Reza kemudian menyinggung kepada permasalahan yang dialami Irjen Teddy Minahasa Putra, Mantan Kapolda Sumatera Barat itu.
Ia menyebut perkataan Irjen Teddy soal masih banyak anggota Polri yang memakai narkoba merupakan pengetahuan umum, meski seharusnya seorang Jenderal bisa memberantasnya.
"Nah, dasar perkataan TM di persidangan boleh jadi merupakan pengetahuan umum. Artinya, dia tahu tentang permainan narkoba, tapi tak mengalami atau berhadapan langsung dengan situasi personel polisi main narkoba," katanya.
Sebelumnya diberitakan, terdakwa narkotika jenis sabu, Irjen Teddy Minahasa menyebut adanya nuansa perang bintang dalam kasus peredaran narkoba yang menjeratnya. Hal itu disampaikan Teddy dalam sidang duplik di Pengadilan Negeri Jakarta Barat, Jumat (28/4/2023).
Awalnya, Teddy membeberkan pernyataan tentang perintah pimpinan oleh pejabat utama Polda Metro Jaya saat dirinya ditahan sekitar Oktober- November 2022.
Saat itu, pejabat di Polda Metro Jaya menghampiri kamar sel nya untuk menyampaikan permintaan maaf dan hanya menjalankan perintah pimpinan.
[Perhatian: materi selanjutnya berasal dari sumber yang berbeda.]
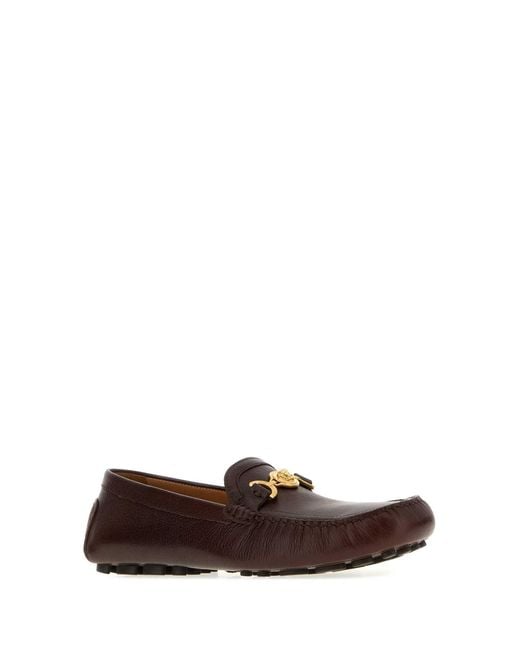 Versace Brown Drivers Leather Loafers for men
"Ini perlu saya utarakan kembali terkait dengan penyampaian Direktur Reserse Narkoba dan Wakil Direktur Reserse Narkoba Polda Metro Jaya Bapak Mukti Jaya dan Bapak Doni Alexander kepada saya, mereka membisikkan di telinga saya dan mengatakan 'mohon maaf jenderal, mohon ampun Jenderal ini semua atas perintah pimpinan'," kata Teddy di PN Jakbar, Jumat.
"Mereka berdua menampakkan ekspresi wajah yang serba salah saat menyampaikan kalimat tersebut kepada saya pada tanggal 24 Oktober dan tanggal 4 November 2022. Situasi ini mengisyaratkan ada tekanan atau desakan dari pimpinan dalam tanda kutip 'agar saya tersesat dalam kasus ini',' tambahnya.
Sehingga, dari percakapan tersebut, Teddy menarik kesimpulan bahwa telah terjadi persaingan yang tidak sehat di internal Polri. Bahkan, Ia menilai seperti ada nuansa perang bintang.
"Karena itu patutlah saya menarik kesimpulan bahwa di internal Polri telah terjadi persaingan yang tidak sehat, atau ada ya nuansa perang bintang sebagaimana dilansir pada media massa arus utama pada beberapa waktu lalu," tuturnya.
Ditambah lagi, Teddy memerhatikan gelagat Jaksa Penuntut Umum (JPU) yang dinilainya sangat sejalan dengan penyidik.
"Di mana JPU telah beratraksi secara akrobatik di dalam konteks hukum ini untuk mengawal agar perintah pimpinan penyidik tadi berlangsung atau berproses tanpa hambatan, dan 'pesanan' dan industri hukum tadi sekarang sudah paripurna," lanjutnya.